Hello, gentle reader. You find me sitting on the balcony of the Hotel Alpina in Mürren, gateway to the 007 museum on the Schilthorn, and generally speaking a very pleasant place to be at this time of year. My wife has been doing some drawing of the local scenery, and I’ve returned from a swim at the Alpen Sports Centre where I could take a complimentary plunge; weird since everyone else there pretty much just sat in the hot tub, and because we were all looked down on by a giant poster of George Lazenby, promoting the James Bond Museum at the Schilthorn lookout (obviously the main driver of the local economy).

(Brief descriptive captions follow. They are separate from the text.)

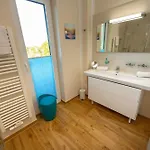 شقة Residenz Seeterrassen - 09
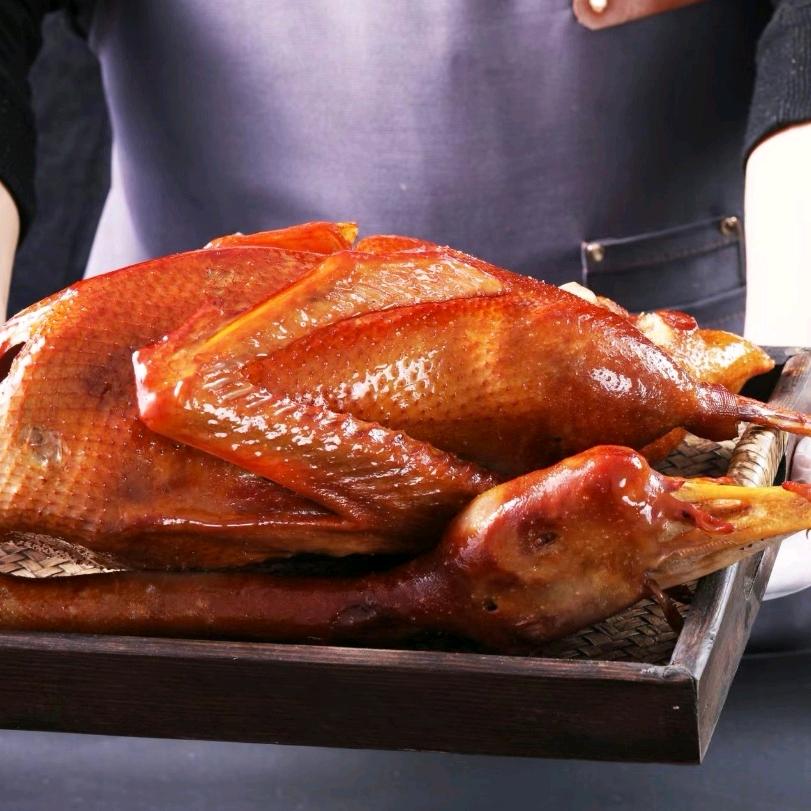 甘井子区萧湾镇味美电子商务商行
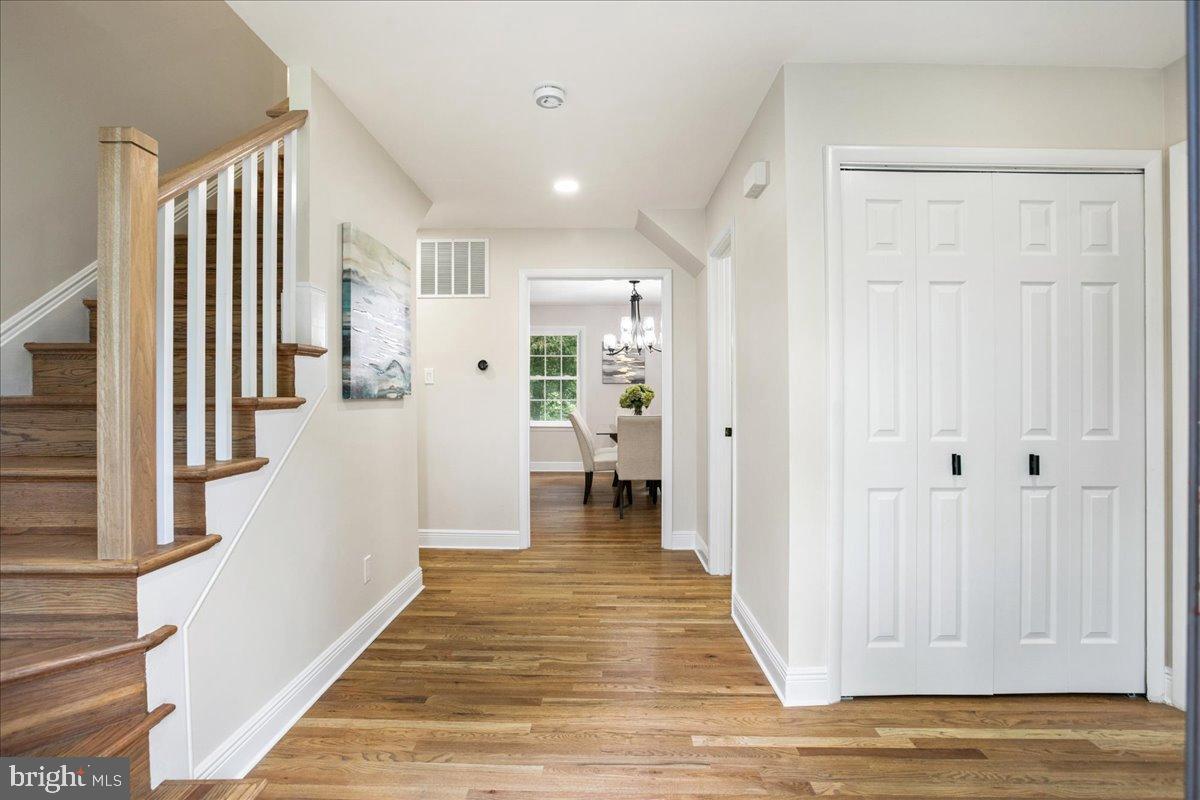 11603 VIRGATE LN, RESTON, Virginia 20191, 5 Bedrooms Bedrooms, 18 Rooms Rooms,4 BathroomsBathrooms,Residential,For sale,11603 VIRGATE LN,VAFX2288668 MLS # VAFX2288668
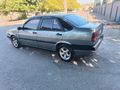 97 MODEL FUL ORJİNAL KARBÜRATÖRLÜ HİDROLİK TEMPRA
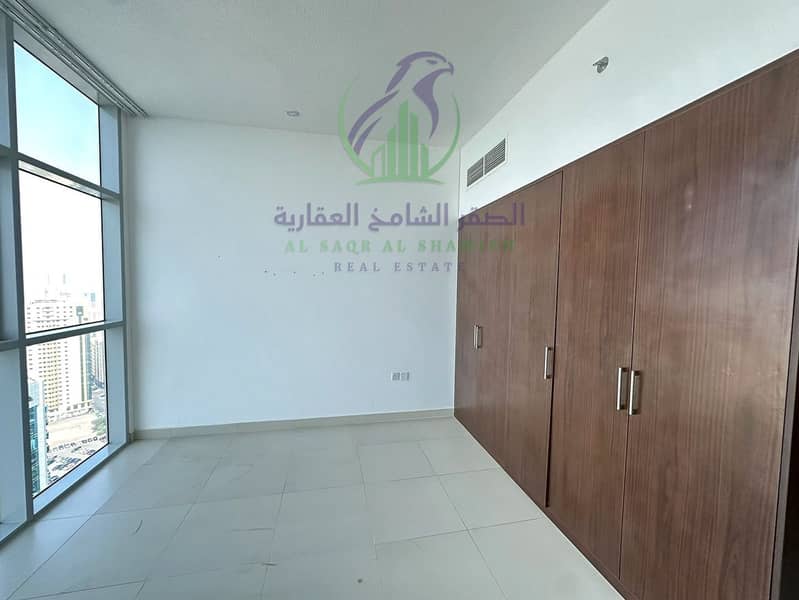 13 mktb-for-rent-3-bedroom-almjaz-1-alsharqh-property-15. jpg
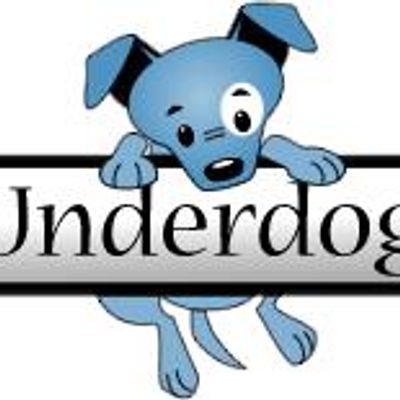 Underdog Training & Behaviour Consulting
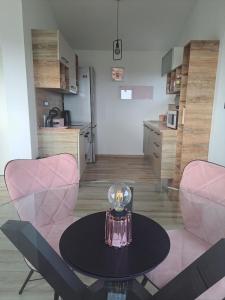 Apartment Mia 2 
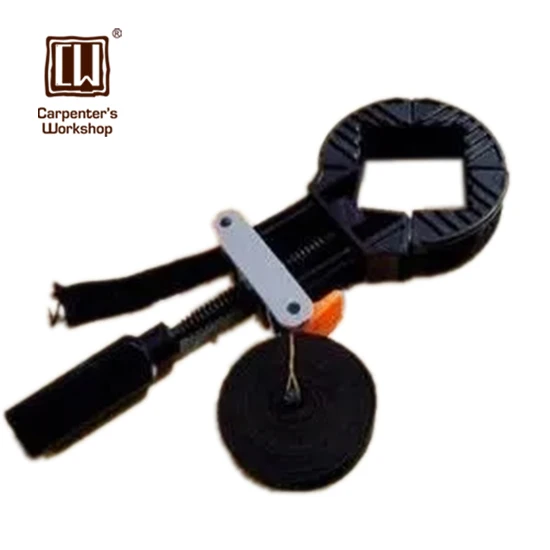 

4m Frame Jig Frame Clamp
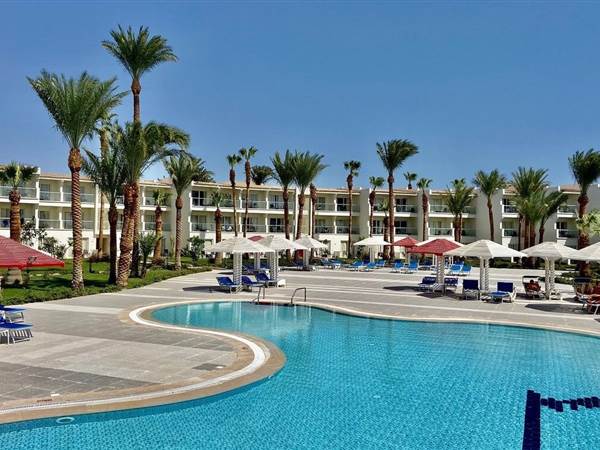 Amarina Abu Soma Resort & Aqua Park (Riviera Plaza Abu Soma) 5* Amarina Abu Soma Resort & Aqua Park (Riviera Plaza Abu Soma) 5*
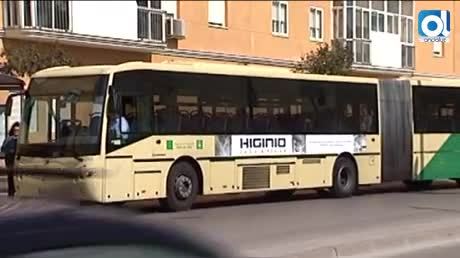 Temporada 2 Número 258 / 06/11/2015 Estatutos Consorcio Transporte
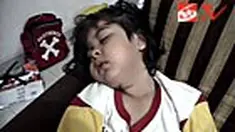 liputan6
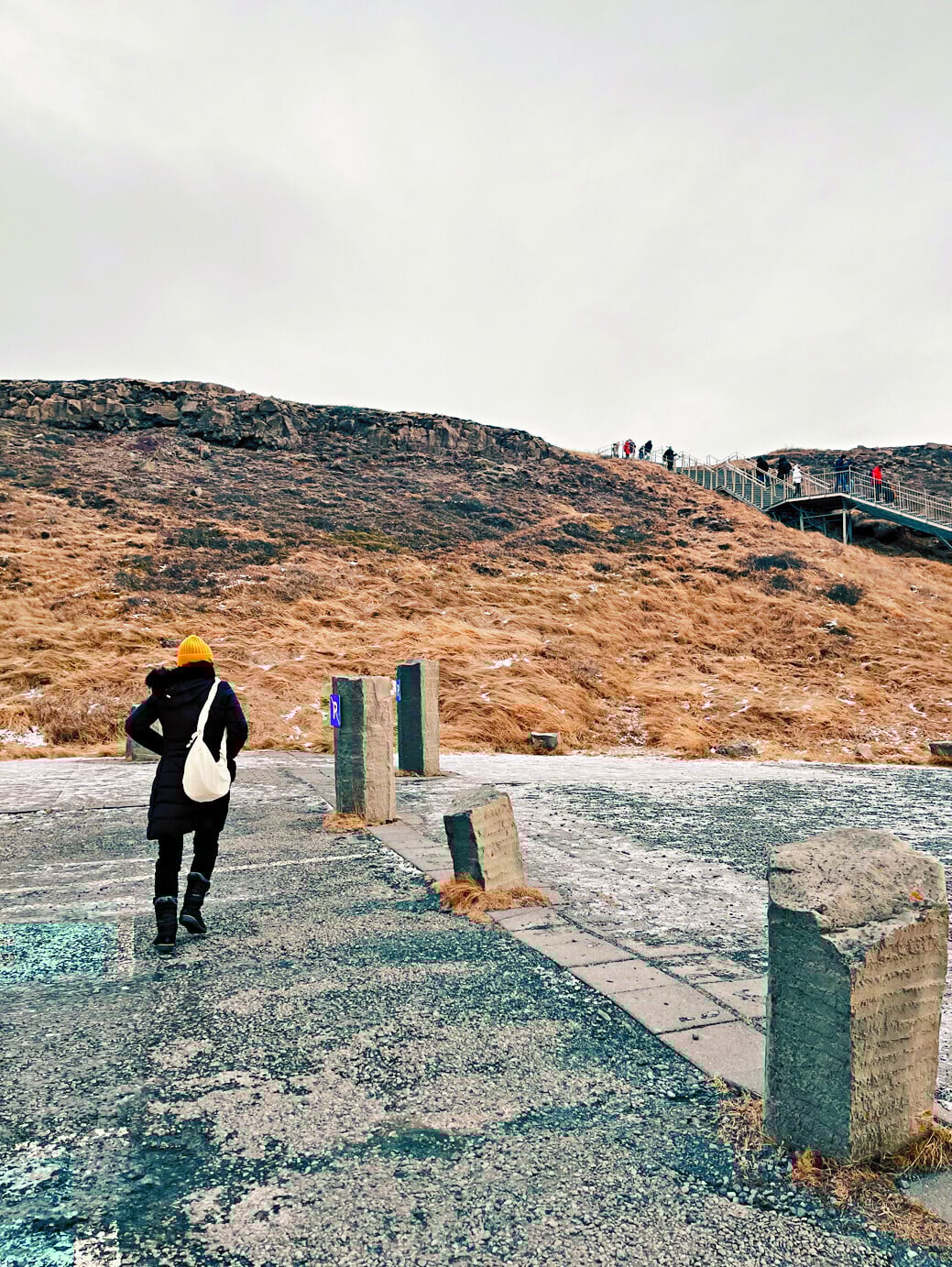 Travel 3col IMG 5165 VSCO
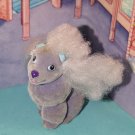 Vintage Lil Litters - My Little Puppy - Nursery
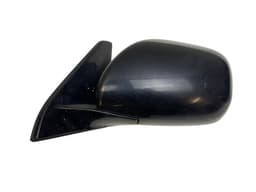 TOYOTA 879406A190 Mirror left TOYOTA LAND CRUISER 120 (2002-2009) — thumbnail 2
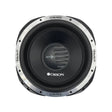 Orion XTRPRO122D – 12 Inch Dual 2 Ohm Competition Subwoofer | 1500W RMS Bass Power ORION Orion XTRPRO122D – 12 Inch Dual 2 Ohm Competition Subwoofer | 1500W RMS Bass Power Orion XTRPRO122D – 12 Inch Dual 2 Ohm Competition Subwoofer | 1500W RMS Bass Power Orion XTRPRO122D – 12 Inch Dual 2 Ohm Competition Subwoofer | 1500W RMS Bass Power Orion XTRPRO122D – 12 Inch Dual 2 Ohm Competition Subwoofer | 1500W RMS Bass Power
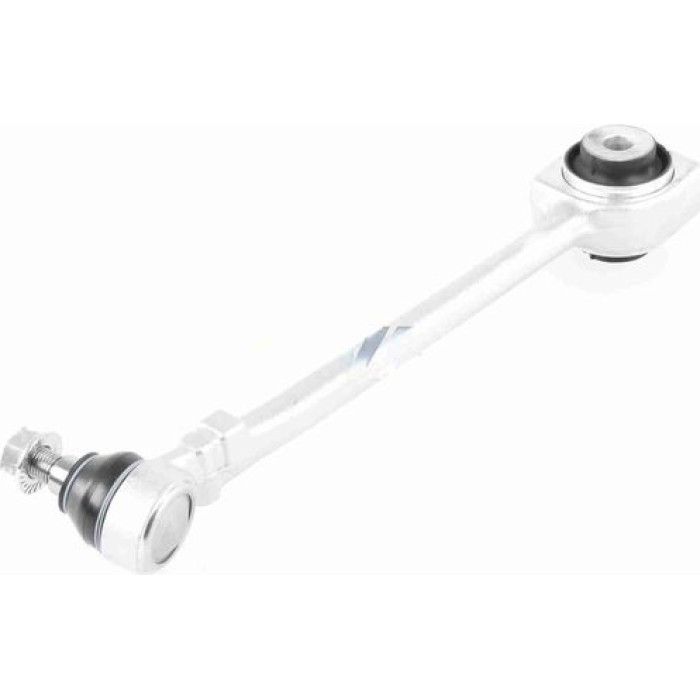 Vaico Fahrwerkslenker V30-1818 Vaico Fahrwerkslenker V30-1818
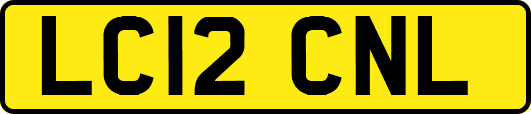 LC12CNL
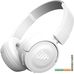 Наушники JBL T450BT 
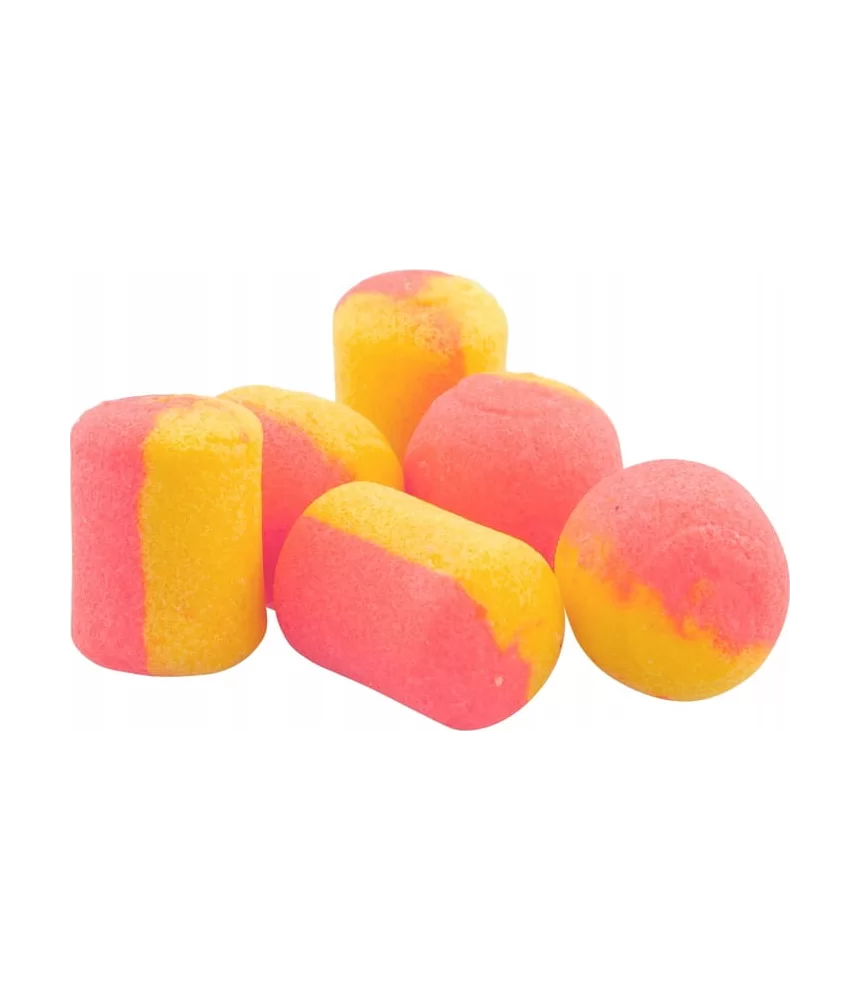 Vafteriai Dragon Magnum Mix Carp (bananas-kalmaras), 16-20 mm, 145 ml Vafteriai Dragon Magnum Mix Carp (bananas-kalmaras), 16-20 mm, 145 ml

It was fun on the walk up the hill today with Jane to Allemendhubel and the children’s flower exploration walk/ski, during which we quoted lines out of James Bond: “So are you saying I could be a baronette? Coo!”, or “What are beasants? / They’re balls/ My family crest has four beasants, in gold…” or, “The Hapsburg line is famous for not having any earlobes,” and “Well I know what his problem is…”.

If there are any stresses in my life, it’s that we just found out our planned route to Chamonix is not available through the Swiss rail system… due to railworks on the border, and no possibility of a replacement train. Instead, it means we need to leave via Geneva and somehow get to Chamonix for the next bit, which means extra spending on bus tickets from Geneva, and a retrace of our steps instead of exploring new territory. But I’m sure we’ll manage somehow.

So there you have it. A scenically spectacular but short stay at the roof of the world surrounded by glaciers. The food is expensive and average, but it is the country and they have a long way to transport food up the cliff faces. Two or three days will probably do you, and our next stop is Chamonix, the French (and seemingly Australian) ski and climbing adventure paradise.